* [Records to use]:

━━━━━━━━━━━━━━━━━━━━━━━━━━━━━━

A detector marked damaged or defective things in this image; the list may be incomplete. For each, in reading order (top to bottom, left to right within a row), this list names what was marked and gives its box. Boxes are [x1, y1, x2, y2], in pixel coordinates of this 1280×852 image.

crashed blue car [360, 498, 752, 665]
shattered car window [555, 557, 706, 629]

━━━━━━━━━━━━━━━━━━━━━━━━━━━━━━

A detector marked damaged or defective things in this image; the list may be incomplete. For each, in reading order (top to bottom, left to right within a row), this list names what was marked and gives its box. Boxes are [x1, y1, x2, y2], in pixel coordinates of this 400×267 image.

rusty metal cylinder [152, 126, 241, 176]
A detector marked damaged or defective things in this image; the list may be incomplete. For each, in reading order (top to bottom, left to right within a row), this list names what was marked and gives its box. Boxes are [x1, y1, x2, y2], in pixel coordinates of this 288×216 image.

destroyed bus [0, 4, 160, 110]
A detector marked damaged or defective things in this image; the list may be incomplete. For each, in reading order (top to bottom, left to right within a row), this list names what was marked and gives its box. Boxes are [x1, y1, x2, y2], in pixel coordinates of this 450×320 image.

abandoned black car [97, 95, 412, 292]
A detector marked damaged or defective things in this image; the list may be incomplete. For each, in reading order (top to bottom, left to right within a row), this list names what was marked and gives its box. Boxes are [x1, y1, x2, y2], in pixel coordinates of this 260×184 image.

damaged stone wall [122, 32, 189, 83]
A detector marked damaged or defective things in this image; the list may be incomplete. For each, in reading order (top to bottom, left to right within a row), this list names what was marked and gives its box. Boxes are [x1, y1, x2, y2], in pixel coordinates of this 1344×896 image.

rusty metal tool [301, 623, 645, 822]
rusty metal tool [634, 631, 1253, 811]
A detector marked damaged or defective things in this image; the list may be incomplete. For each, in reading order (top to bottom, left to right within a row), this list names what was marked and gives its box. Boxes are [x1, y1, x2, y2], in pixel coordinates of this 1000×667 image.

━━━━━━━━━━━━━━━━━━━━━━━━━━━━━━

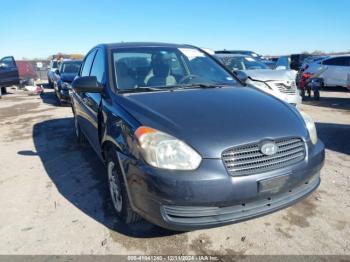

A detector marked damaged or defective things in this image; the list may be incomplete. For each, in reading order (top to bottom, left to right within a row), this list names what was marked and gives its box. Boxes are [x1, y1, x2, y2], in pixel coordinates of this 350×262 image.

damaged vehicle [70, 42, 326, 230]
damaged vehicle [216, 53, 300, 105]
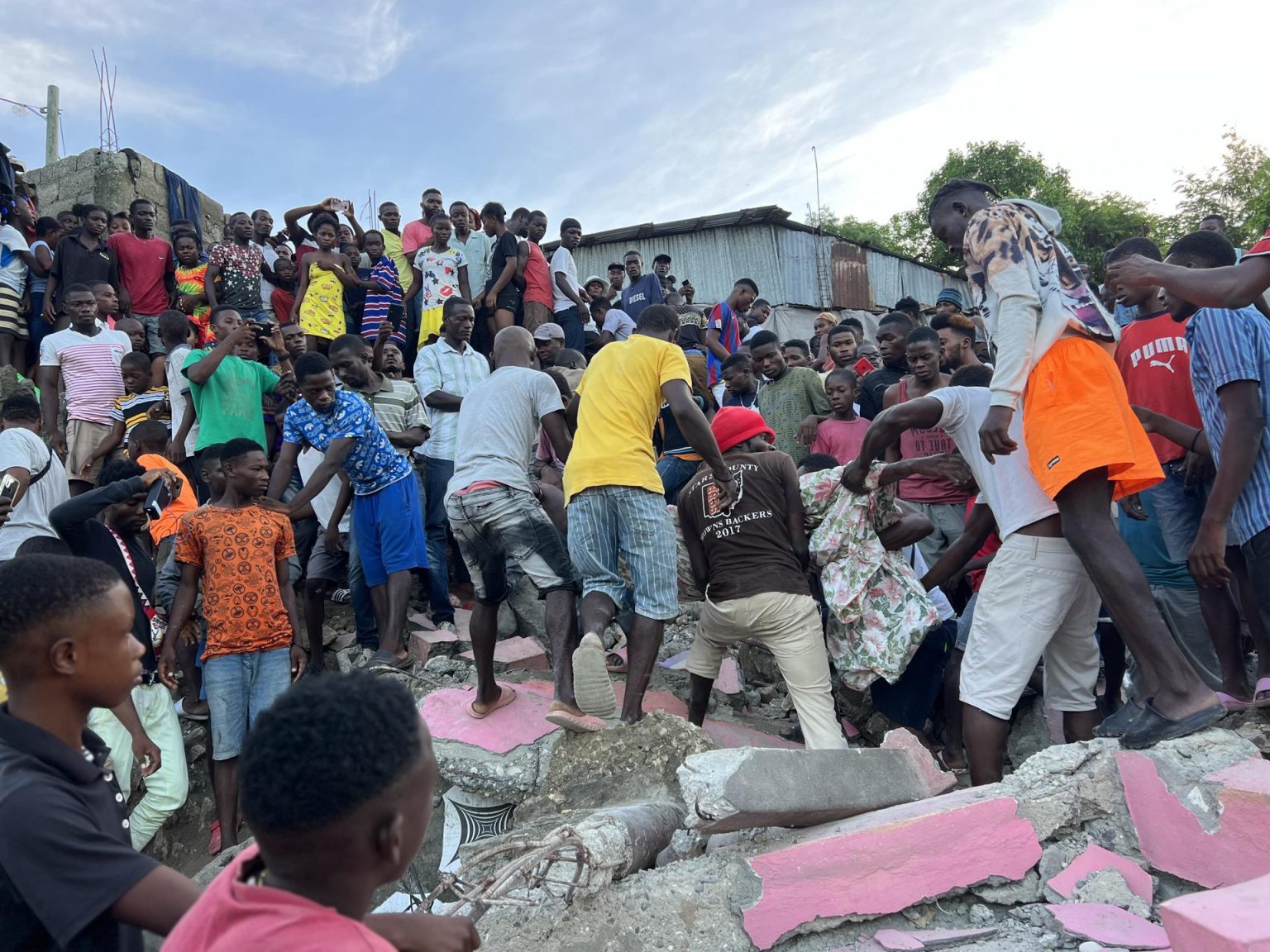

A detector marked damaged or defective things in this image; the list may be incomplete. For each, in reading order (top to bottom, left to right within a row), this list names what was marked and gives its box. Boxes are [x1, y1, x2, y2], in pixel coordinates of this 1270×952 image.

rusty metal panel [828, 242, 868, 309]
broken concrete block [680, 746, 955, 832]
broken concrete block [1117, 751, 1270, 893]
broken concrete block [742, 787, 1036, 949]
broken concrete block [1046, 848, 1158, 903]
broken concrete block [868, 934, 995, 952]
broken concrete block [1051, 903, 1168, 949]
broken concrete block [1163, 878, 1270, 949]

━━━━━━━━━━━━━━━━━━━━━━━━━━━━━━

* [Work item]: Your answer should be the lines above, from the line containing "this 1344×896 image." up to and including the line containing "this 1000×667 image.", reproduced exactly and with nothing else.

* [Answer to this problem]:
A detector marked damaged or defective things in this image; the list may be incomplete. For each, in reading order (top to bottom, left to right within a row), this list names what was marked and gives its box. Boxes are [x1, y1, x2, y2], in pixel coordinates of this 1344×896 image.

rusty metal tool [301, 623, 645, 822]
rusty metal tool [634, 631, 1253, 811]
A detector marked damaged or defective things in this image; the list may be incomplete. For each, in reading order (top to bottom, left to right within a row), this list names what was marked and gives its box. Boxes are [x1, y1, x2, y2], in pixel coordinates of this 1000×667 image.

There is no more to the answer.